Remember when we were told coroutines would solve everything? P2300 and sender/receiver would give us async I/O and it would be beautiful? Now we need fibers because coroutine frame allocation is a problem (P4003R0), and coroutines waiting on senders need to propagate a custom allocator through every parameter list (P4007R0). Classic.

Reply Share Report

▲ ▼

u/senior_cpp_23 28 points 4 hr. ago

Coroutines and fibers serve different purposes. Coroutines are great for lazy evaluation, generators, and structured concurrency patterns where suspension points are explicit. Fibers are for when you want to run existing synchronous code cooperatively without rewriting every function signature. Reading the paper helps.

Reply Share Report

▲ ▼

u/coroutine_hater 15 points 4 hr. ago

I've read all 22 revisions thanks. My point is that the committee spent 5 years betting on stackless coroutines as the async primitive and now we're circling back to "actually you need stackful switching too." The ecosystem figured this out ages ago - that's why Boost.Fiber and folly::fibers exist.

Reply Share Report

▲ ▼

u/actually_read_the_paper 89 points 3 hr. ago

Let me lay out the timeline because the process story here is remarkable.

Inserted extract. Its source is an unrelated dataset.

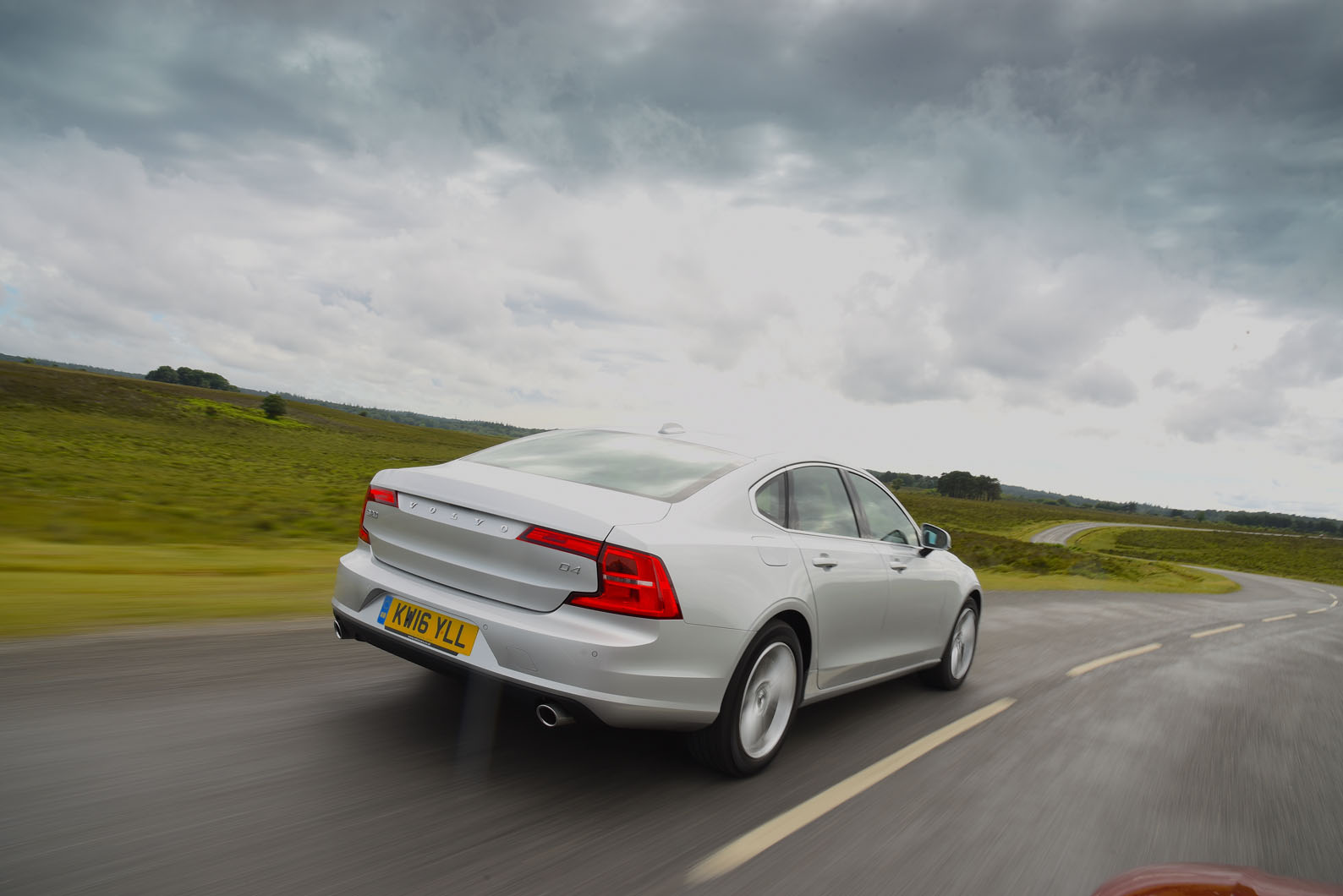 Volvo S90 rear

LWG tentatively approved library wording in St. Louis, June 2024. CWG finished initial core wording review in Tokyo, March 2024 - with one change request (per-fiber exception state). EWG approved that change 6/8/3/0/0 in St. Louis. Then EWG requested implementation experience. Wroclaw: presented it. Microsoft asked for time. Hagenberg: Microsoft conceded it's implementable, but arrived too late for EWG. Sofia, June 2025: EWG forwarded to CWG/LWG for C++26 with SF 10 / F 14 / N 4 / A 5 / SA 1.

And then CWG and LWG ran out of time.

The paper quotes P1000R6:

Just wait a couple more meetings and C++ will be open for business and can be the first thing voted into the C++ working draft.

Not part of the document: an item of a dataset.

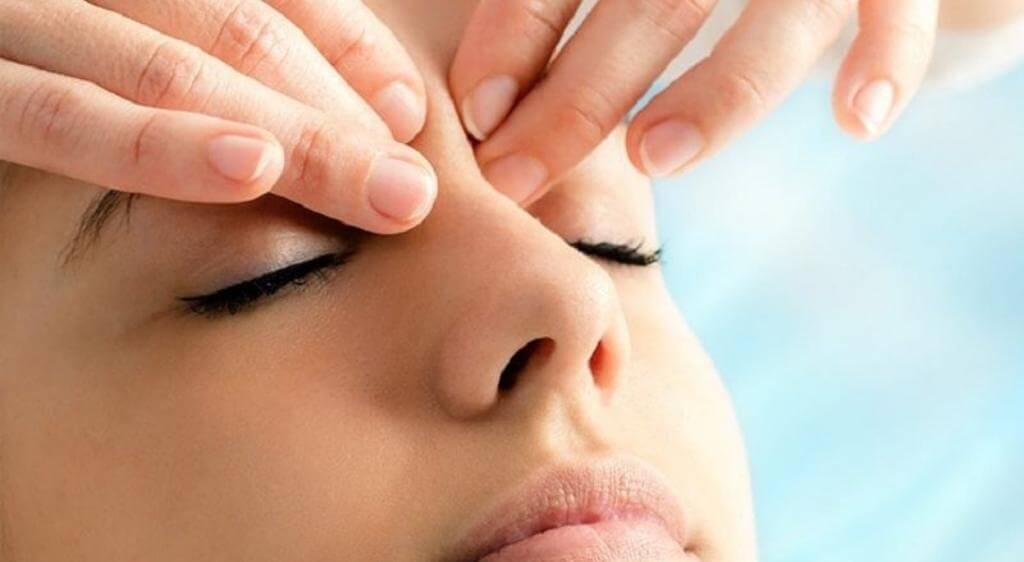 Massage vùng mắt đúng cách là cách để mắt hết sưng nhờ hỗ trợ dẫn lưu bạch huyết và giảm tích tụ dịch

This is the promise of the train model. A paper that has been through 22 revisions, had wording approved by two groups, got forwarded by a third, and still missed the train because of scheduling. Now it's C++29. The authors are understandably frustrated, and they are being polite about it.

The 5 against + 1 strongly against in the EWG vote is worth noting though. That is not insignificant opposition for a paper at forwarding stage. The concerns are real even if the majority is clear.

Reply Share Report

▲ ▼

u/just_ship_networking 156 points 3 hr. ago 🏆

can we please just get networking OR fibers OR anything async in the standard before I retire

Reply Share Report

▲ ▼

u/async_plumber 43 points 2 hr. ago

networking + fibers would honestly be the dream combo. synchronous-looking I/O code that's actually cooperative under the hood. that's what userver already does and it's a great model.

Reply Share Report

▲ ▼

u/template_wizard_9000 71 points 2 hr. ago

the train model is more like a bus that's always full and the driver is arguing with the passengers about whether the destination exists

Reply Share Report

▲ ▼

u/yet_another_throwaway -8 points 5 hr. ago

Meanwhile in Rust, we've had async/await for years and it actually shipped. No 22 revisions, no "ran out of time." Just a working async model. But sure, keep arguing about fiber exception semantics for another decade.

Reply Share Report

▲ ▼

u/template_wizard_9000 192 points 5 hr. ago 🏆🏆🏆

Sir, this is a Wendy's

Reply Share Report

▲ ▼

u/systems_greybeard 34 points 4 hr. ago

Rust's async model is pinning-based with stackless futures. Completely different design space. Rust explicitly chose NOT to support stackful coroutines/fibers because of the interaction with their ownership model. The tradeoffs are legitimate in both directions. This comparison helps nobody.

Reply Share Report

▲ ▼

u/systems_greybeard 62 points 3 hr. ago

I want to push back on how the paper handles P3620R0's concerns. The paper states:

At a high level, P3620R0 appears to argue that unless fibers are appropriate for all use cases, they must not be available for any use case.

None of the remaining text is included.